Si confermerebbero sotto altre mentite spoglie le politiche mercantiliste di riduzione del costo del fattore lavoro per penetrare i mercati esteri. Ci sarebbe più lavoro, ma si confermano condizioni salariali stressanti per i lavoratori, con un’incidenza negativa sui consumi interni.

Ciò che il centro sinistra ha fatto per poter beneficiare le imprese esportatrici, questo governo lo applica allargando la sfera del beneficio alle piccole imprese e al lavoro autonomo legati alla domanda interna.

Al momento i giochi sono questi, a meno che i cinesi, oltre che Genova e Trieste, scelgano qualche porto meridionale.
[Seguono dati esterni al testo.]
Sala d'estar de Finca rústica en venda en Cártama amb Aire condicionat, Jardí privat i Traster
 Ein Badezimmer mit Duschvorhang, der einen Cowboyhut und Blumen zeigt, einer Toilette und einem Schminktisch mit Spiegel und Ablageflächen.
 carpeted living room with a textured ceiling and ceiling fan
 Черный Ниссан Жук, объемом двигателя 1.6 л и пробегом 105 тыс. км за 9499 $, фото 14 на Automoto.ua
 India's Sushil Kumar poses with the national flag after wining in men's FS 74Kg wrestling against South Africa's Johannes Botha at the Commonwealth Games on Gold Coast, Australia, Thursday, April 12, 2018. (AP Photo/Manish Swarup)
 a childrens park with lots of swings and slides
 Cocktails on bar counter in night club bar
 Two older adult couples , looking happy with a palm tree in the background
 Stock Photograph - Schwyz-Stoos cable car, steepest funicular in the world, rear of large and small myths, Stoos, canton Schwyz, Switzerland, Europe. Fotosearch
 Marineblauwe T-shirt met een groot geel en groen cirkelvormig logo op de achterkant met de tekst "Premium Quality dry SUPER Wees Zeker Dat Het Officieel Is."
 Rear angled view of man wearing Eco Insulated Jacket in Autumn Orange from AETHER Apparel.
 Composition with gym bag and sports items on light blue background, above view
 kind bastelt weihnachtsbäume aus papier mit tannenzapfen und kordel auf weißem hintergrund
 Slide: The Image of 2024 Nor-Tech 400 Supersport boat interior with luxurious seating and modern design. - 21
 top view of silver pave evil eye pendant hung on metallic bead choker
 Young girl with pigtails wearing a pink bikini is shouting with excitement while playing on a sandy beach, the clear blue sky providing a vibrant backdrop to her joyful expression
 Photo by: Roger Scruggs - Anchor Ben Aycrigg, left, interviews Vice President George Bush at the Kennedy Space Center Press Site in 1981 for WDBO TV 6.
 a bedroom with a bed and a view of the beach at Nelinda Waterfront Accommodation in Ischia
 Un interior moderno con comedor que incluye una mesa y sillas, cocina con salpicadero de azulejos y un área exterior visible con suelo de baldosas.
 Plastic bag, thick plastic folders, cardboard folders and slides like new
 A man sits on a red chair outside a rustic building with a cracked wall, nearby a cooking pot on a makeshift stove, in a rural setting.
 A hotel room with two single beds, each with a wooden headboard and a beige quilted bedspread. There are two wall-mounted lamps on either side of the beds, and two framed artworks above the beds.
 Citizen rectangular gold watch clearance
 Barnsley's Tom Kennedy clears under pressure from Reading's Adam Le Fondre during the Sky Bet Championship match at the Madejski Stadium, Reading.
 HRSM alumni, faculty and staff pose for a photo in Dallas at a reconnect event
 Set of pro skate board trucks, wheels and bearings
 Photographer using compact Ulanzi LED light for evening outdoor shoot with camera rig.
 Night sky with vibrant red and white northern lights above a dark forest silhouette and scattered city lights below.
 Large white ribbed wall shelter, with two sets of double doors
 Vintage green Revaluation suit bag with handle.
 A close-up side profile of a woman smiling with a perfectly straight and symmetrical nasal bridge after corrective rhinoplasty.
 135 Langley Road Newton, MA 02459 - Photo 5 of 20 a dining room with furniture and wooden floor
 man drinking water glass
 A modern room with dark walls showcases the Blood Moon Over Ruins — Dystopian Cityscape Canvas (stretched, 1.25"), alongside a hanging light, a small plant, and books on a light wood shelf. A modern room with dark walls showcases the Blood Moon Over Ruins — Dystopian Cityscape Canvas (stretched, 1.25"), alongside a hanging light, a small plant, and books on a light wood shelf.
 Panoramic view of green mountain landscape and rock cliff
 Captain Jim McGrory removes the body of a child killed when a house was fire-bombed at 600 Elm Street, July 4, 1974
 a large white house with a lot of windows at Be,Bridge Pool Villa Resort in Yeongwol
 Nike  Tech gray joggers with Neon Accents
A quel punto la partita si riaprirebbe ma, stando così le cose, al momento il Sud offre al nord unicamente la possibilità di riempire i vuoti di produzione del settentrione.

Sarà per questo che Confindustria ha fatto l’endorsement nei confronti della Lega? Si ricostituisce il blocco produttivo medie grandi imprese, micro imprese e lavoro autonomo? Se così fosse la Lega sarà il dominus del prossimo decennio capace di ricreare il blocco degli imprenditori piccoli e grandi diviso negli ultimi 25 anni dall’ascesa di Berlusconi. Il patronato si riorganizzerebbe.

Il proletariato, al momento, invece è solo.